Creating a local variable scope.

Carl Banks pavlovevidence at gmail.com
Fri Sep 11 17:32:03 EDT 2009


On Sep 11, 10:36 am, Johan Grönqvist <johan.gronqv... at gmail.com>
wrote:
> In the other languages I have used I can either use braces (C and
> descendants) or use let-bindings (SML, Haskell etc.) to form local scopes.

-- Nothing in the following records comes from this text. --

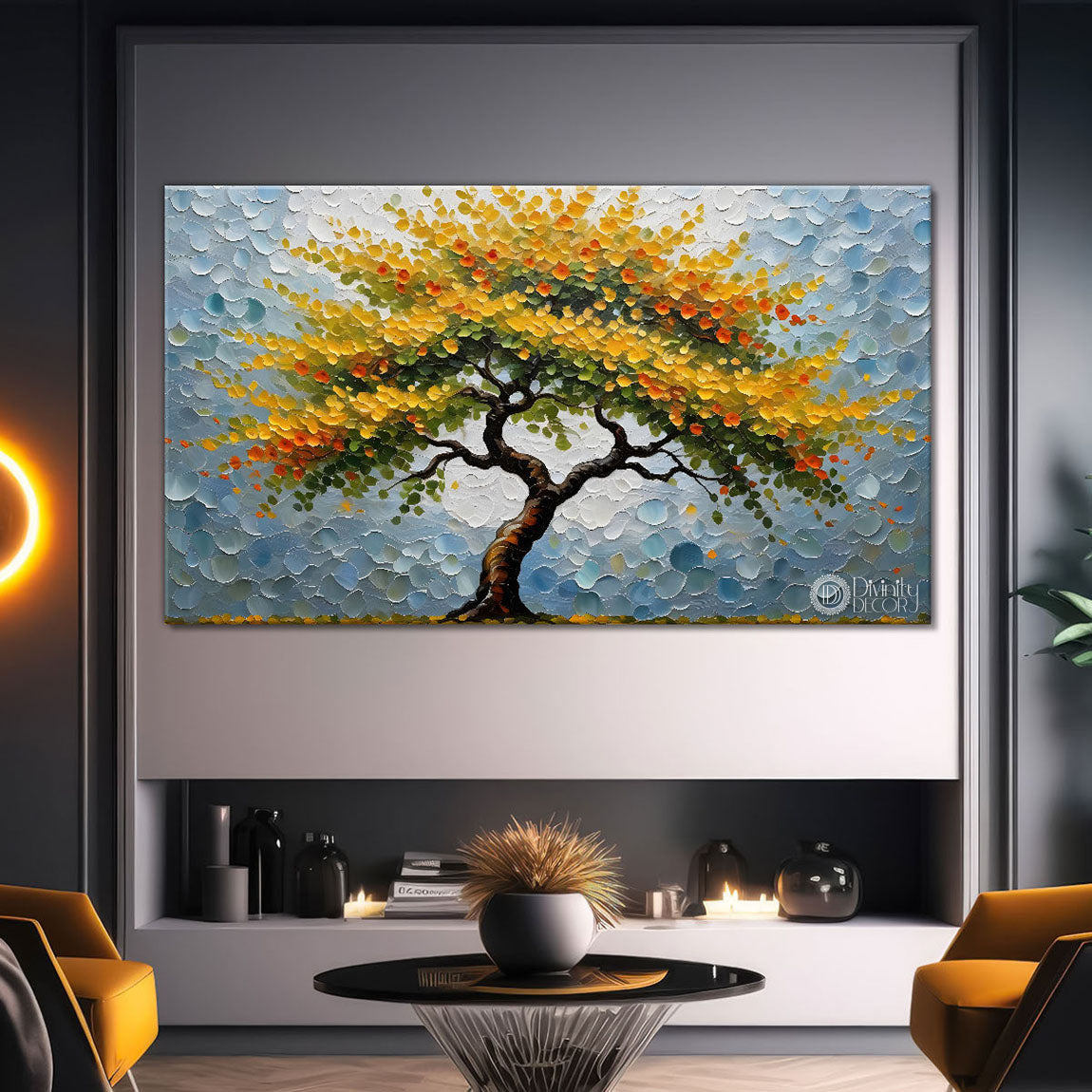Orange tree in textured modern art- Design - Tree-127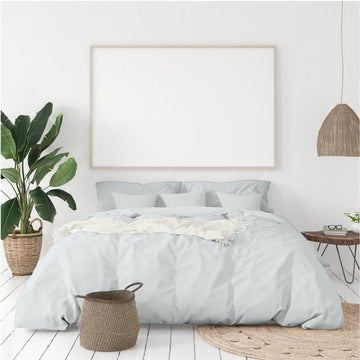 Balmain 1000 Thread Count Hotel Grade Bamboo Cotton Quilt Cover Pillowcases Set - King - Cool Grey - RnR Galore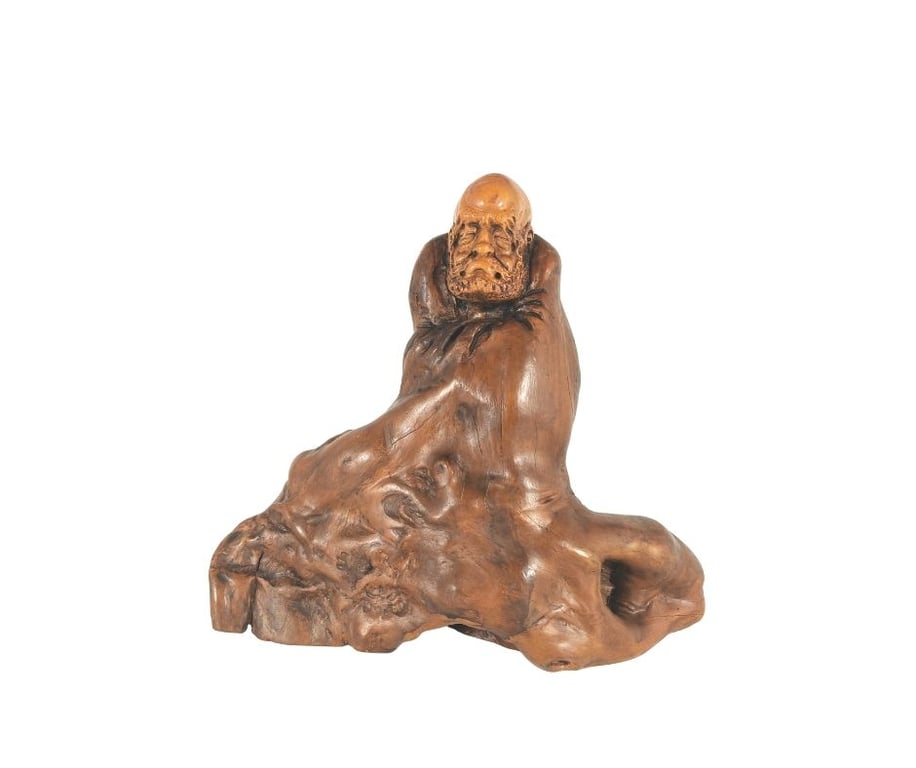 �老荔枝木雕达摩祖师 Old Litchi Wood Carved with Bodhidharma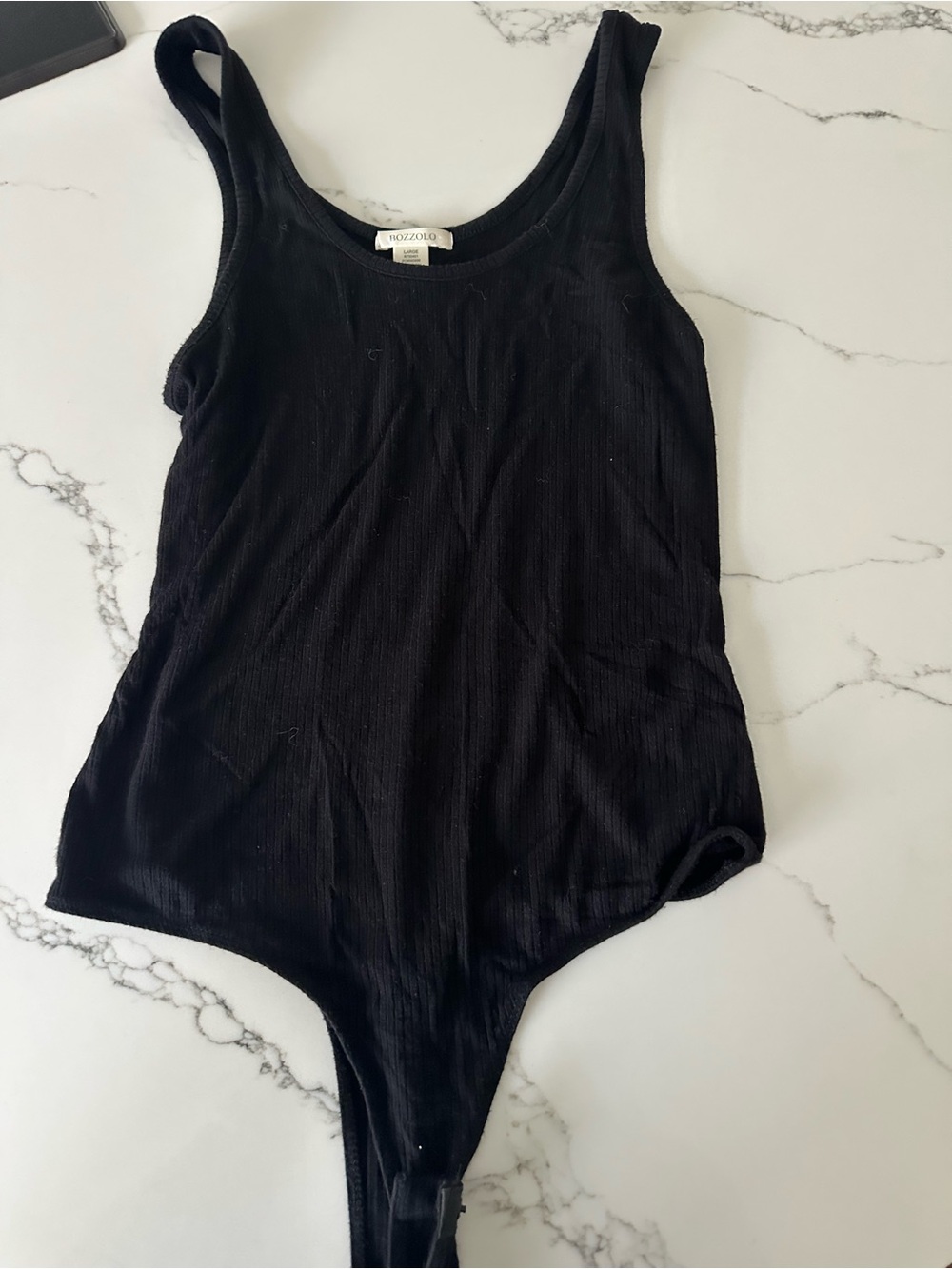 Bozzolo Black Ribbed One-Piece Bodysuit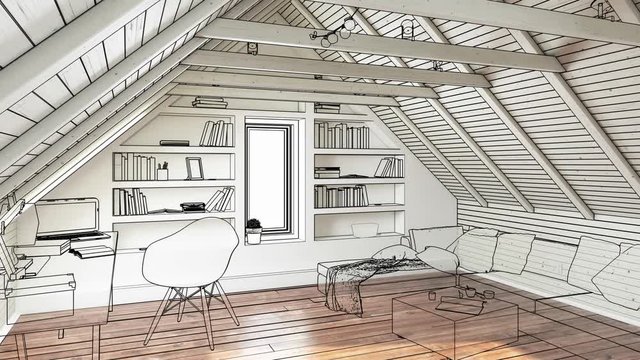 Conversion in attic - 3d visualization (loopable)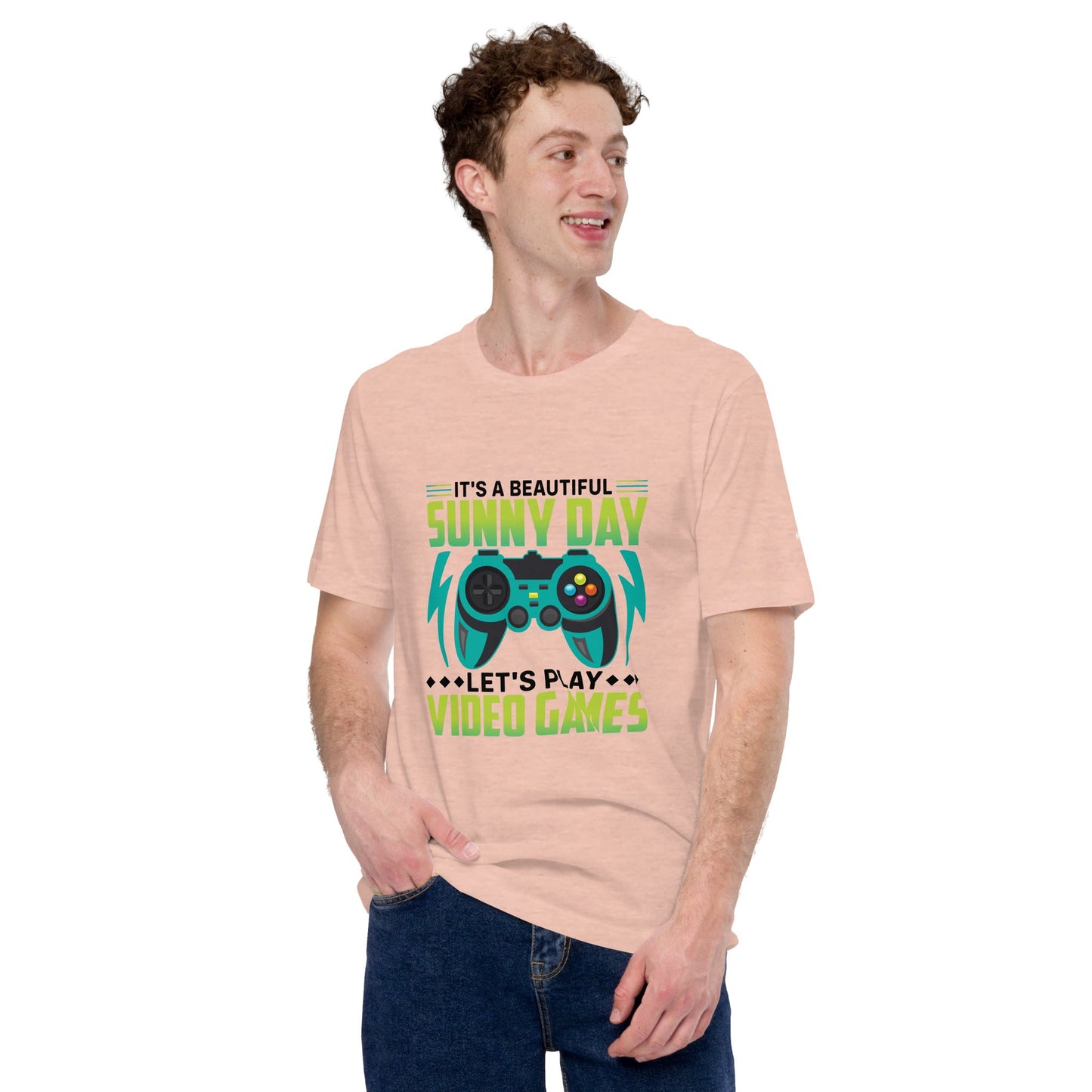 It is a Beautiful Sunny Day; Let's Play Video Games in Dark Text - Unisex t-shirt by DarkByteGear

I wouldn't mind a let statement but I don't think the language really
suffers for the lack of it.  I expect that "leaky scopes" are a really
minor source of bugs in practice**, especially with well-organized
code that results in small functions.  The main loss is the
organization opportunity.

Having said that, I'll tell you a pretty spiffy way to do it, even
though it can't be regarded as anything other than a cute hack.  I
don't recommend using it in practice.


First define a decorator:

def let(f): return f()


Then, apply this decorator to a nameless function to get a convenient
nested scope:

@let
def _():
    a = 1
    b = 2
    print a,b


But there's more: you can define let bindings in the function
arguments:

@let
def _(a = 1, b = 2):
    print a,b


And, as with LISP, the "let" "statement" can return a result which you
can bind to a local variable:

@let
def result(a = 1, b = 2):
    return a + b

print result


Don't do this in real code, though.  Just live with the limitation, or
define a nested function and call it explicitly without cute decorator
hacks.


Carl Banks


(**) There is one notable common bug that leaky scopes do cause, when
creating closures in a loop.  However, that is an advanced usage.